As online schooling plays an increasingly large role in education, researchers say more work needs to be done to understand and address why some families have a harder time accessing the internet.
A new study shows that one reason is racial segregation.
Since before the pandemic, Benjamin Skinner has been researching broadband access and how lack of home internet impacts students’ ability to do online work. While studying this digital divide, Skinner, an assistant professor of higher education and policy at the University of Florida, noticed that conversation around the issue is often presented as an urban-rural divide. What no one talks enough about is that “we have a digital divide right within suburban and urban areas as well,” he said.
“There is a digital divide within areas that are geographically pretty proximate and they have real potential impacts for student’s geography of opportunity,” Skinner said.

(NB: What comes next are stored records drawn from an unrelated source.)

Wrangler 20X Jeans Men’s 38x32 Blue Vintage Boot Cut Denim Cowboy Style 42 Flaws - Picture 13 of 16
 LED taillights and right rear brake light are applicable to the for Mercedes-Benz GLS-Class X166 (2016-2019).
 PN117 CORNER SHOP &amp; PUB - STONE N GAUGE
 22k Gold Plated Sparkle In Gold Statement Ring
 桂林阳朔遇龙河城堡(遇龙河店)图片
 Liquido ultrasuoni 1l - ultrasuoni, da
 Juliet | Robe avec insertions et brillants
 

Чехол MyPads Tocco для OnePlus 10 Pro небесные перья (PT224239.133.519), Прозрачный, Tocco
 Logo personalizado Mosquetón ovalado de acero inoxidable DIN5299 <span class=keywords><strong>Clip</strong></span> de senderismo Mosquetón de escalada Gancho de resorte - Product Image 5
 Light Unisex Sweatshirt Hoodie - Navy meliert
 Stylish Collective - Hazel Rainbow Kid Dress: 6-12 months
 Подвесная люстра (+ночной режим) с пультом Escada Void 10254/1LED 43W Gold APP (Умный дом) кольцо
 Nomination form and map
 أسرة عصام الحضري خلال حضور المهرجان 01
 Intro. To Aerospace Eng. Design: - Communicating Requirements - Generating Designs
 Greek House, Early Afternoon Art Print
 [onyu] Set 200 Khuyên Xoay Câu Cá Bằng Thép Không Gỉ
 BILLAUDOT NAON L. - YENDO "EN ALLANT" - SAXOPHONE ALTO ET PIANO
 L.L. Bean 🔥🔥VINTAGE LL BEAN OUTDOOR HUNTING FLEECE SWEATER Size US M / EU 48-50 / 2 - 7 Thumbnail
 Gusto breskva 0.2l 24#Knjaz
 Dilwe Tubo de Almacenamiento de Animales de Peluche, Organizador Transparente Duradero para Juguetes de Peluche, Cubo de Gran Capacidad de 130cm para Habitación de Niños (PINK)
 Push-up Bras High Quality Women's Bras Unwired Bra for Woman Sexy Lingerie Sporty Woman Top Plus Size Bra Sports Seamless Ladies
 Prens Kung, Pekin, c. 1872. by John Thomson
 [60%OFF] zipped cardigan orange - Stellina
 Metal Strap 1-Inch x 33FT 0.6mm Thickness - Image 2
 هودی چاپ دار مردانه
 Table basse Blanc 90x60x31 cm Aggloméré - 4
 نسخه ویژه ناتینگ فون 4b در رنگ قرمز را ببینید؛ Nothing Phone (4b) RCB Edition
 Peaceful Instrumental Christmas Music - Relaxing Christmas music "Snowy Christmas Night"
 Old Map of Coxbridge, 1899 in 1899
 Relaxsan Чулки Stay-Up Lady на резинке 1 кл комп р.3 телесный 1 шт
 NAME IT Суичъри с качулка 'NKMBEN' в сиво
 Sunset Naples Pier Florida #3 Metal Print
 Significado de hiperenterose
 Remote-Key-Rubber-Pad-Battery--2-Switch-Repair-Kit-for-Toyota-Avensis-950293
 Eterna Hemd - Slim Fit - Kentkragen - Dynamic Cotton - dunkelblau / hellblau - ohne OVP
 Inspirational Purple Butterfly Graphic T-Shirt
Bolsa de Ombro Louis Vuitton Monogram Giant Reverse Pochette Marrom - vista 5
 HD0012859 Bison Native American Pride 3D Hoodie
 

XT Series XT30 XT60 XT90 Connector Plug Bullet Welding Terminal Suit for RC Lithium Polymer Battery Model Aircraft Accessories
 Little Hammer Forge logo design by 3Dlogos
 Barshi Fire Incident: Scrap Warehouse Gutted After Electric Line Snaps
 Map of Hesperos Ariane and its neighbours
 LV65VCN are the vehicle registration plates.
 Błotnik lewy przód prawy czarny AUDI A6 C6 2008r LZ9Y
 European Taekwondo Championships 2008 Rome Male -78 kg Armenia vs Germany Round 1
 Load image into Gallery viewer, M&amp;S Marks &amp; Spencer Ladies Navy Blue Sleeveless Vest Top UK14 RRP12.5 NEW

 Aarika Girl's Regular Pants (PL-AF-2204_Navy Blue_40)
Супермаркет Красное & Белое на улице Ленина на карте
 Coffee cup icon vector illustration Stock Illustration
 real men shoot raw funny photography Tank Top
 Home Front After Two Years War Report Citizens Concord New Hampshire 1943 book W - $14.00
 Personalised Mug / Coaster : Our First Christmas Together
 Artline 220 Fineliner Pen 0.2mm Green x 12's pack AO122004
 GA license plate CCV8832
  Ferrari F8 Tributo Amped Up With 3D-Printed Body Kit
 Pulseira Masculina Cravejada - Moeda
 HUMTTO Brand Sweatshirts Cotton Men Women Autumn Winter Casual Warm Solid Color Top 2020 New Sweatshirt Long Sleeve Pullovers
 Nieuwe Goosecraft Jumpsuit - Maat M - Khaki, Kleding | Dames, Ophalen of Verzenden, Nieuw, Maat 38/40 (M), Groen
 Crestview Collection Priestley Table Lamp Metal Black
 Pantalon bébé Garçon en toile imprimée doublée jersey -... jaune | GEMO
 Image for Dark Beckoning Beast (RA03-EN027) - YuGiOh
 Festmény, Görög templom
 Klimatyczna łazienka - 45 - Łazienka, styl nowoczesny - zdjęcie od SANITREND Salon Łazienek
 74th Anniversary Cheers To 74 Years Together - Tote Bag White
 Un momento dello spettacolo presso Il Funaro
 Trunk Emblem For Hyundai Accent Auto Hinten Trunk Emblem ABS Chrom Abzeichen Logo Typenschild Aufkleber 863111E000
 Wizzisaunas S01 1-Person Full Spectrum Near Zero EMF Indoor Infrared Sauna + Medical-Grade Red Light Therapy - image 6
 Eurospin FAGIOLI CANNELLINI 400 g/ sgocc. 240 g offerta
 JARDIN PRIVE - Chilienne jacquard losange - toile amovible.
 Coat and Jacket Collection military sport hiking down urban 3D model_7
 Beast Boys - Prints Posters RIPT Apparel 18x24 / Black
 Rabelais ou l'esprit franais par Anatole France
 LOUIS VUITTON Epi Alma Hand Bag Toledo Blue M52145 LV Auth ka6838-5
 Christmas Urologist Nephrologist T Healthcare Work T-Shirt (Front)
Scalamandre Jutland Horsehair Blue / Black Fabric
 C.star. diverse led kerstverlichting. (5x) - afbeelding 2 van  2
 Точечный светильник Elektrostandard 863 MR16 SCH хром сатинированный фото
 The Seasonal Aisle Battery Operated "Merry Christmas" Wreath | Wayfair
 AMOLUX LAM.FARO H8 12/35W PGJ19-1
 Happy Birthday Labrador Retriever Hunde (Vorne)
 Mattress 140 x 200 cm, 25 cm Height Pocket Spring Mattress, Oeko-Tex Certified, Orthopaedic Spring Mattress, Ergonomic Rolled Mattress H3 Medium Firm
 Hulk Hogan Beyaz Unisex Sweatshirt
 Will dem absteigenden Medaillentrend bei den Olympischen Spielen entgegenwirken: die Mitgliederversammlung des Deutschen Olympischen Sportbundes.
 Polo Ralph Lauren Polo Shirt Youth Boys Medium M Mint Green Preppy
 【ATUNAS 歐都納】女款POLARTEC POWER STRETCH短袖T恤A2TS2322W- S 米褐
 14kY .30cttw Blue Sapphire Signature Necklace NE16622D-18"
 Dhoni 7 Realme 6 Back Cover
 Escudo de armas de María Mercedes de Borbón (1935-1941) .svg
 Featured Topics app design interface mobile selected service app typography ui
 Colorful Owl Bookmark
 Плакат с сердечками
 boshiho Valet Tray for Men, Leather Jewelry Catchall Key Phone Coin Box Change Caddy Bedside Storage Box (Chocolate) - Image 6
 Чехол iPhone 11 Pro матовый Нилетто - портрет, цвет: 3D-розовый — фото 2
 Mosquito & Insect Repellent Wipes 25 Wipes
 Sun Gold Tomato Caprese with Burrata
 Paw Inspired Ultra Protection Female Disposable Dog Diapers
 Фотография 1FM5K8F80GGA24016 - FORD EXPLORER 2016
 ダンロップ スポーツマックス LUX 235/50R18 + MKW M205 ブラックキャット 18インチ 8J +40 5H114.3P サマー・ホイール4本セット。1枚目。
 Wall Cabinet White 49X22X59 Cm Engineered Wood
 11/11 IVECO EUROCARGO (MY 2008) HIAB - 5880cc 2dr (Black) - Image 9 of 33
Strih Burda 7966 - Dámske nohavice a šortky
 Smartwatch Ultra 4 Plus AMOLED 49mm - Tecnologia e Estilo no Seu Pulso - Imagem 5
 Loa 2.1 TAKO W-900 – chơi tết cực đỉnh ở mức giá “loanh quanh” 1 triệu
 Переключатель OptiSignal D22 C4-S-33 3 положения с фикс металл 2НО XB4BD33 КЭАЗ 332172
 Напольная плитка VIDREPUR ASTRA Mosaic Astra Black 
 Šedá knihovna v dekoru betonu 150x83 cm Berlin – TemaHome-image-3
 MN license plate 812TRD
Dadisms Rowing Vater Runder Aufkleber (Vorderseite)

Last summer, Skinner and his colleagues at University of Florida, faculty member Hazel Levy and doctoral candidate Taylor Burtch, began researching broadband history and differences in access. In a new paper, “Digital Redlining: The Relevance of 20th Century Housing Policy to 21st Century Broadband Access and Education,” the coauthors link disparities in current broadband access to Depression-era federal housing policies that prevented people in majority-Black neighborhoods from getting mortgages because their neighborhoods were considered“ high risk.” At the same time, the government helped developers build new suburban subdivisions exclusively for white people. The policy, known as redlining, fueled racial segregation and long-term disinvestment in Black communities.
“It’s important for us in education research to look at that history,” Skinner said. “Why might this be the case, and being able to tie that in to histories of redlining, histories of federal housing policies, of segregation.”